Provider shall pay BM the subscription fee set forth in each Order (the "Subscription Fee") and the processing fee (the "Processing Fee") during the Term. BM will not be required to refund the Subscription Fee under any circumstances.

4. PROVIDER CONTENT & PRIVACY.

4.1. Use of Provider Content. Unless it receives Provider's prior written consent, BM: (a) shall not access, process, or otherwise use Provider Content other than as necessary to facilitate the System; and (b) shall not intentionally grant any third-party access to Provider Content, including without limitation BM's other customers, except subcontractors that are subject to a reasonable nondisclosure agreement. Notwithstanding the foregoing, BM may disclose Provider Content as required by applicable law or by proper legal or governmental authority. BM shall give Provider prompt notice of any such legal or governmental demand and reasonably cooperate with Provider in any effort to seek a protective order or otherwise to contest such required disclosure, at Provider's expense.

4.2. Privacy Policy. The Privacy Policy applies only to the System, excluding the Provider Merchant Account, and does not apply to any third-party website or service linked to the System or recommended or referred to through the System or by BM's staff.

4.3. Risk of Exposure. Provider recognizes and agrees that hosting content online involves risks of unauthorized disclosure or exposure and that, in accessing and using the System, Provider assumes such risks. BM offers no representation, warranty, or guarantee that Provider Content will not be exposed or disclosed through errors or the actions of third parties.

4.4. Content Accuracy. BM shall have no responsibility or liability for the accuracy of content uploaded to the System by Provider, including without limitation Provider Content and any other content uploaded by Users. Provider represents and warrants that the Provider Content is accurate and not in violation of applicable laws including data privacy laws, to the best of its knowledge.

4.5. Content Deletion. Unless otherwise provided in an Order, BM may permanently erase Provider Content if Provider's account is delinquent, suspended, or terminated for thirty (30) days or more.

4.6. Excluded Content. Provider represents and warrants that Provider Content does not and will not include, and Provider has not and shall not upload or transmit to BM's computers or other media, any content ("Excluded Content") that is prohibited in the AUP including, without limitation, any content that may infringe on any third-party intellectual property rights.

4.7. Aggregate & Anonymized Content.

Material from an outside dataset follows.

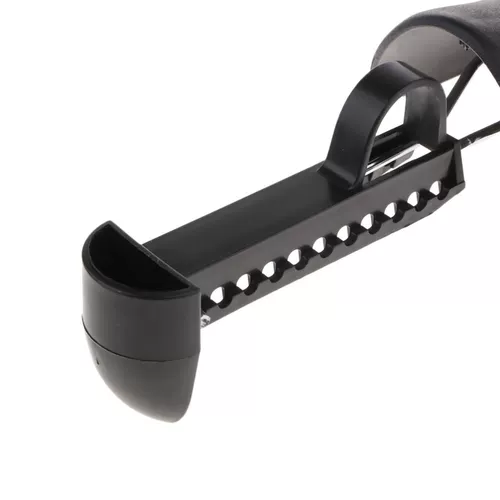 2 части регулируемые носилки для обуви пластиковая обувь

Notwithstanding the provisions above of this Section 4, BM may use, reproduce, sell, publicize, or otherwise exploit Aggregate Content in any way, in its sole discretion. ("Aggregate Content" refers to Provider Content with the following removed: personally identifiable information and the names and addresses of Provider and any of its Users or customers.)

4.8. Publicity. Provider hereby authorizes BM, during the term of this T&C, to publicize Provider as a customer of BM's services except that BM may not publicize the terms of this T&C or any information about Provider's or its Users' use of the System.

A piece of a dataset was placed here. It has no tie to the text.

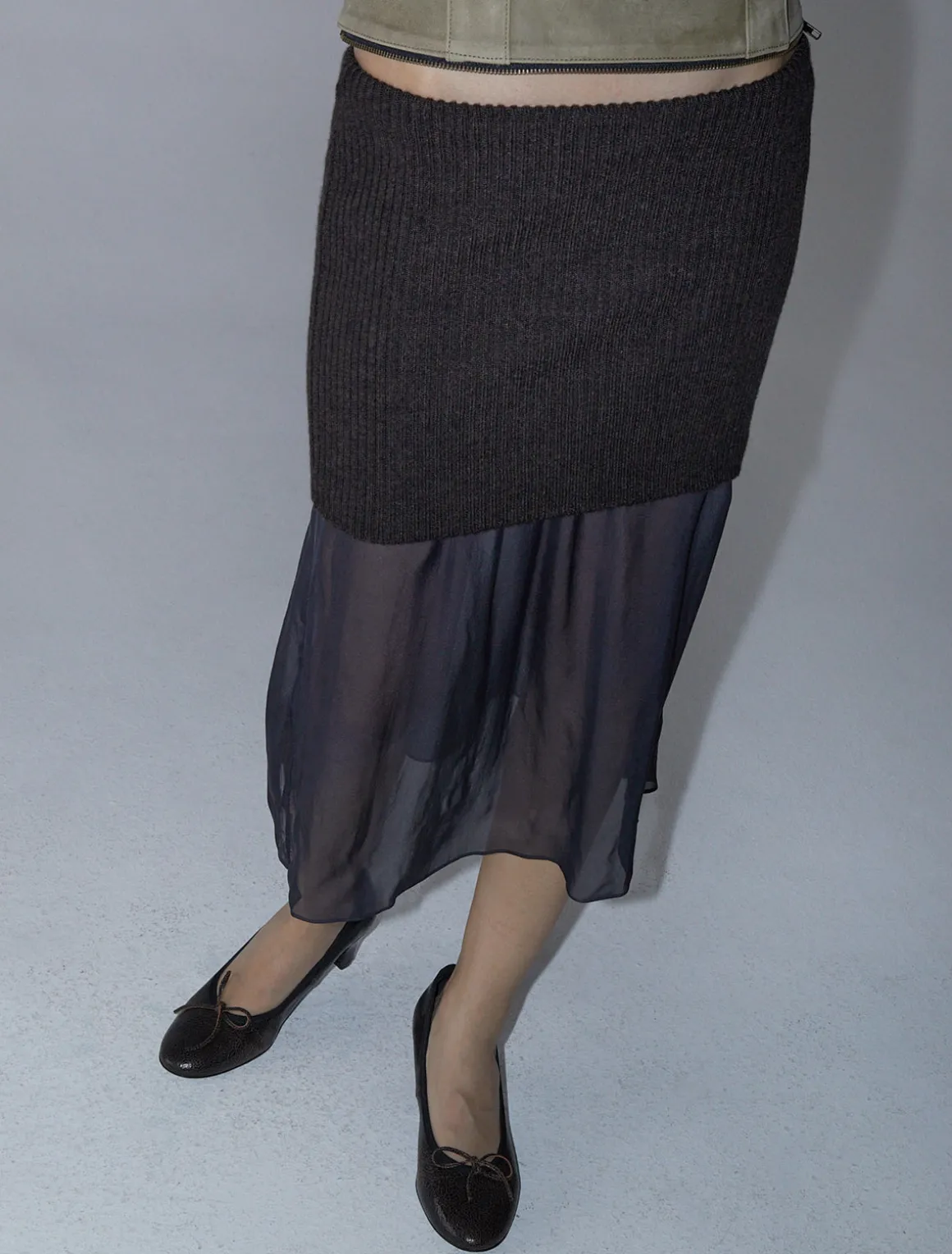 Best no 2243 / Holly Skirts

5. PROVIDER’S RESPONSIBILITIES & RESTRICTIONS.

5.1. Acceptable Use. Provider's Users shall comply with the AUP. Additionally, Provider and its Users shall not: (a) use the System for service bureau or time-sharing purposes or in any other way allow third parties to exploit the System; (b) provide System passwords or other log-in information to any third party who is not an employee, officer, or director of Provider; (c) share non-public System features or content with any third party; or (d) access the System in order to build a competitive product or service, to build a product using similar ideas, features, functions or graphics of the System, or to copy any ideas, features, functions or graphics of the System. In the event that it suspects any breach of the requirements of this Section 5.1, including without limitation by Users, BM may suspend Provider's access to the System without advanced notice, in addition to such other remedies as BM may have. Neither this T&C nor the AUP requires that BM take any action against Provider or any User or other third party for violating the AUP, this Section 5.1, or this T&C, but BM is free to take any such action it sees fit.

5.2. Unauthorized Access. Provider shall take reasonable steps to prevent unauthorized access to the System, including without limitation by protecting its passwords and other log-in information. Provider shall notify BM immediately of any known or suspected unauthorized use of the System or breach of its security and shall use best efforts to stop said breach.

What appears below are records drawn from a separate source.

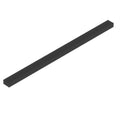 R210081: Fits John Deere R210081 Lower Radiator Foam Baffle Isolator – Genuine OEM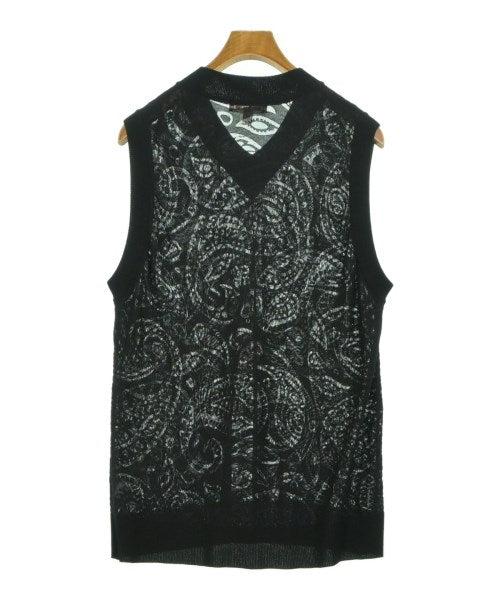 masu เสื้อกั๊ก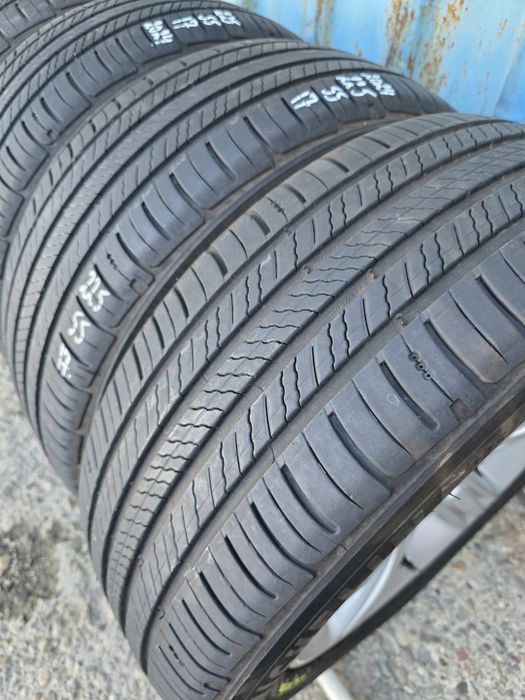 Anvelope Vară 225.55.17 Michelin An 2024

5.3. Compliance with Laws. In its use of the System, Provider shall comply with all applicable laws, including without limitation laws governing the protection of personally identifiable information and other laws applicable to the protection of Provider Content.

5.4. Users & System Access. Provider is responsible and liable for: (a) Users' use of the System, including without limitation unauthorized User conduct and any User conduct that would violate the AUP or the requirements of this T&C applicable to Provider; and (b) any use of the System through Provider's account, whether authorized or unauthorized.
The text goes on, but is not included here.